So könnte die neue Insel mitten in der Elbe vor Otterndorf aussehen. Grafik: Jakob Martens
So könnte die neue Insel mitten in der Elbe vor Otterndorf aussehen. Grafik: Jakob Martens
Interview

Helgolands Ex-Bürgermeister erklärt das Cuxhavener Projekt künstliche Elbinsel

von Wiebke Kramp | 12.04.2023

Jörg Singer, ehemaliger Bürgermeister der Insel Helgoland, stellt sich einer neuen Herausforderung. Er mischt beim Cuxhavener Projekt Elbstrominsel mit. Aus Baggerschlick soll vor Otterndorf in der Elbe eine künstliche Insel entstehen.

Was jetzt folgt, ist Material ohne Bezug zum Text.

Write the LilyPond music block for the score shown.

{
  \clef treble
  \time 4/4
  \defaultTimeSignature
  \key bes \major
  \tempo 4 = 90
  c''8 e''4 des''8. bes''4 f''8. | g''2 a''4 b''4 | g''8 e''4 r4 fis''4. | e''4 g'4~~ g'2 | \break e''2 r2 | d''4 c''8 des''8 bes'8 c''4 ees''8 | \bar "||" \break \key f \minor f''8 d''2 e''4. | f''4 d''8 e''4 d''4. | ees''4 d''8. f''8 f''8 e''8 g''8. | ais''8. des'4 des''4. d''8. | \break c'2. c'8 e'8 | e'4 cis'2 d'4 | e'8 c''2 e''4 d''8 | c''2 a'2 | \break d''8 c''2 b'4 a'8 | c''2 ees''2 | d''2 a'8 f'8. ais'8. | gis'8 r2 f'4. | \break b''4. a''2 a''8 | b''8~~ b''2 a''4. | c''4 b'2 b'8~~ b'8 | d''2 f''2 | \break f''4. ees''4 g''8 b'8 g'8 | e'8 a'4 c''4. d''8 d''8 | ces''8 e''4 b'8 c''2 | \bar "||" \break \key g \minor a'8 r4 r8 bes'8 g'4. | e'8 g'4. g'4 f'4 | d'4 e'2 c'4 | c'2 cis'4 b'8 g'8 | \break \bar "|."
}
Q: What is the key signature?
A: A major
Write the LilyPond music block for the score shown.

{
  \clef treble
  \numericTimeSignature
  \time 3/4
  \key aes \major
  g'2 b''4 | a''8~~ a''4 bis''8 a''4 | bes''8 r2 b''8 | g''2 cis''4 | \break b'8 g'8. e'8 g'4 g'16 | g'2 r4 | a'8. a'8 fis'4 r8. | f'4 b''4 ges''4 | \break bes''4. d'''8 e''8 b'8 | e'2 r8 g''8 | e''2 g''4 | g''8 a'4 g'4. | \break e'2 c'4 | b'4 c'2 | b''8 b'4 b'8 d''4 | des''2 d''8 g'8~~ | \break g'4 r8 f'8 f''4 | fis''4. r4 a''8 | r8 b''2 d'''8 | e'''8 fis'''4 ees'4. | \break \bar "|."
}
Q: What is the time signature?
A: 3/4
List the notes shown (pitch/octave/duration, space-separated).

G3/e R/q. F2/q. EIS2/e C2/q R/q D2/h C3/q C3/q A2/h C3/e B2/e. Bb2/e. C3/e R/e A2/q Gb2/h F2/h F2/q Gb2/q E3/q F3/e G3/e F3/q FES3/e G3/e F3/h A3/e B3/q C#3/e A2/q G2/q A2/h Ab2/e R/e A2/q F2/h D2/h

Herr Singer, eigentlich stehen Sie ja für Offshore-Dynamik und haben in ihrer Zeit als Bürgermeister auf Helgoland die Windbranche und den Aufbau der Parks auf hoher See positiv wohlwollend begleitet und sich mit AquaVentus für Forcierung der Erzeugung von grünem Wasserstoff auf See eingesetzt.  Jetzt sind Sie mit Boot bei dem Projekt Elbstrominsel und damit nahe an die Küste gerückt. Welche Rolle nehmen Sie in der Initiative ein, wer sind Ihre Mitstreiter?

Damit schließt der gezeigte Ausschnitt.